January 2017 Reading Notes

Library books trying to take off.

My New Year’s resolution was to keep track of what I’m reading month by month. (I considered week by week, but I know I’d fall behind. A month at a time is so much less commitment. So here we are. One month down, eleven more to go.

Finished this month

1. Mort by Terry Pratchett

Death decides to take an apprentice, the hapless Mort. Who, Death hopes, will marry his adopted daughter. Of course, nothing goes as planned.

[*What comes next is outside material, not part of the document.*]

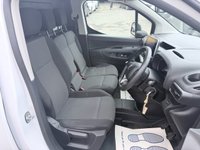 USED 2023 72 TOYOTA PROACE CITY White 1.5 BlueHDi Icon panel van, 86,000 miles, Euro 6, 6-Speed manual, A/C, 8in Touchscreen, Rear Camera, Bluetooth, Cruise. Plus VAT @ 20%! This 2023 Toyota PROACE CITY is a standout choice, having been owned by just one careful keeper. This Icon Short Panel Van SWB Euro 6 (s/s) 5dr model boasts a 1.5L BlueHDi diesel engine and meets Euro 6 emissions standards. It comes with a 3 month warranty and a full 12 months MOT will be provided on purchase. The last service was completed on 31st October 2025 at 75,402 miles. Inside, you'll find manual air conditioning, Bluetooth connectivity, and an 8in multimedia screen compatible with Andro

I’m re-reading all of Terry Pratchett’s Discworld books that feature the character Death. This is the first of them. This re-read is part of a larger self-imposed Terry Pratchett project. I’ve been pondering Pratchett quite a bit, especially thinking about what he has to say about faith and religion and eternal truths. Pulling on threads to see where they lead. I’m hoping it will lead to more blog posts. Pratchett seems worth writing about.

Making Progress

1. Reaper Man by Terry Pratchett

About halfway through the second of the Death books. The Auditors think that Death is slipping, becoming too lenient, too human. So Death takes a holiday while waiting for his time to run out. He takes a job as a farm hand. Meanwhile, no one is dying…

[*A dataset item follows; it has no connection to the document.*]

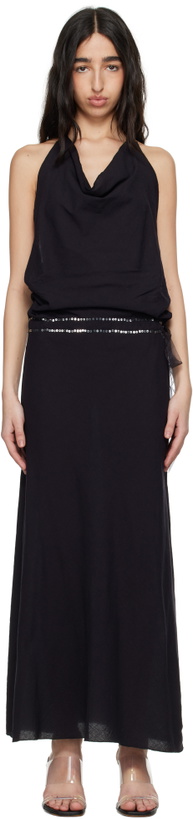 Photo: Gimaguas Black Costa Maxi Dress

2. Children of Earth and Sky by Guy Gavriel Kay

I’m re-reading Kay’s latest novel. I have to confess that the first time I read it, I got to the end and felt vaguely disappointed. But then I thought maybe I was missing something so I needed to re-read it before I wrote up a review. Kay is my favorite fantasy novelist, but I like some of his books better than others. I’m about halfway through the re-read and have indeed been noticing details I missed the first time. Still not sure what it’s all going to add up to or if I will be less dissatisfied at the ending. I’m certainly not regretting the time I’m spending with the book. Kay’s storytelling is still superb even in my less-favorite books.

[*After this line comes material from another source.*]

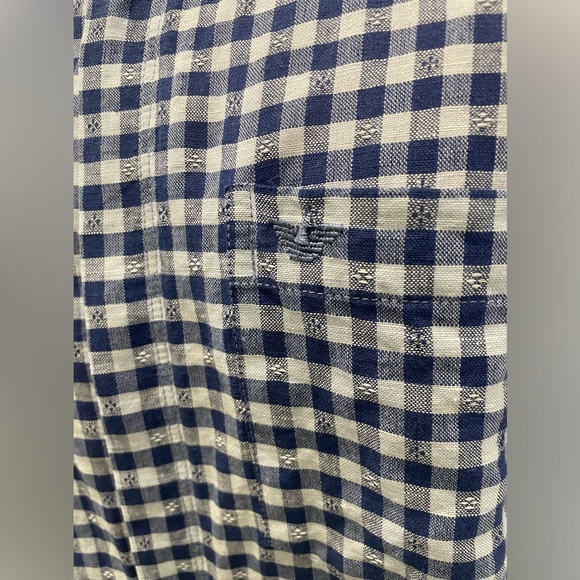 Armani %100 Cotton button down shirt Sz.XL - Picture 2 of 8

3. The Drover’s Road Collection by Joyce West

A trilogy of junior novels, set in New Zealand, following the adventures of a girl named Gay (Gabrielle) who lives on a sheep station with her uncle and cousins. The novels are fairly episodic, rather like Anne of Green Gables, though Gay isn’t much like Anne. I’m thinking they’ll be a good read-aloud for the kids, but I wanted to read them myself first. I wish I could find more good children’s books about New Zealand.

4. The Discoverers: A History of Man’s Search to Know His World and Himself by Daniel Boorstin

I’m still plugging away at this one, a chapter or two at a time. It’s good and dense and not hard to read, but I tend to want to break it up with other reading. I’m on the fourth and last section, so the end is in sight.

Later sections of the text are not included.